油圧サーボ70は、ドラム状のシリンダ部材72、ピストン部材73、キャンセルプレート74、リターンスプリング75を有しており、ピストン部材73とシリンダ部材72との間に油室76a,76bを構成している。ピストン部材73は、軸方向に移動可能に配置されており、左方向端部が摩擦板71に対面している。ピストン部材73とシリンダ部材72との間には、3本のシールリングa13,a14,a15によって、油蜜状の油室76a,76bが形成されている。さらにキャンセルプレート74は、シリンダ部材72の内周面に嵌合されたスナップリング79によって左方向への移動が阻止されている。
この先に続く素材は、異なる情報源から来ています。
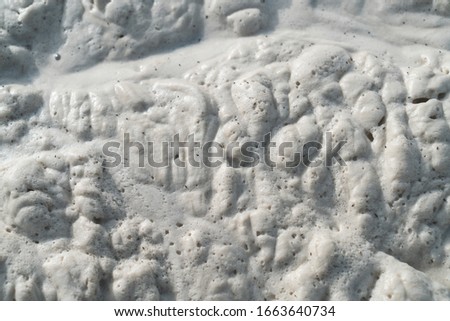 Closeup of soft white sea foam on coast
ワンウェイクラッチF−1は、プラネタリギヤユニットPUの外径側から第2クラッチC−2の外径側までにオーバーラップして、かつ前述の第2ブレーキB−2の左方側に配置されており、内周側から外周側へ順に、上記ハブ部材158に連結されたインナーレース112、スプラグ機構113、ミッションケース3の内周側にスプライン係合しているアウターレース114が備えられている。
第2クラッチC−2は、プラネタリギヤユニットPUの左方側にあって、かつワンウェイクラッチF−1の一部の内径側に配置されており、摩擦板31と、この摩擦板31を接断させる油圧サーボ30とを備えている。摩擦板31の内摩擦材31bは、キャリヤCR2に連結されたハブ部材152にスプライン係合されている。また摩擦板31の外摩擦板31aは、後述のクラッチドラム32の内周側にスプライン係合しており、該クラッチドラム32は第2中間軸13bに連結されている。この第2中間軸13bは、第1中間軸13aを介して入力軸12にスプライン係合されており、つまりクラッチドラム32は、第1中間軸13a及び第2中間軸13bからなる中間軸13を介して入力軸12に連結されている。
油圧サーボ30は、クラッチドラム32、ピストン部材33、キャンセルプレート34、リターンスプリング35を有しており、これらにより、油室36、キャンセル油室37を構成している。クラッチドラム32は、内周側が第2中間軸13bに取り付けられて支持されている。ピストン部材33は、クラッチドラム32に軸方向に移動可能に配置されていて、シールリングa10,a11により、クラッチドラム32との間に、油蜜状の油室36を構成している。ピストン部材33は、外周側の部分を摩擦板31の前面に対向させている。さらにキャンセルプレート34は、上述のクラッチドラム32の内径側の外周面に嵌合されたスナップリング39によって右方側への移動が阻止されており、その左方側に配置されたピストン部材33との間に、リターンスプリング35が縮設されるとともにシールリングa10,a12により油蜜状のキャンセル油室37を構成している。
そして、ミッションケース3の側壁部3cより延設されたボス部3d上には、ボールベアリング131を介してカウンタギヤ150が配置されている。なお、該カウンタギヤ150の外周側には、不図示のカウンタシャフトに連結されたギヤが噛合しており、更に該カウンタシャフトは、不図示のギヤ機構やディファレンシャルギヤなどを介して駆動車輪に連結されている。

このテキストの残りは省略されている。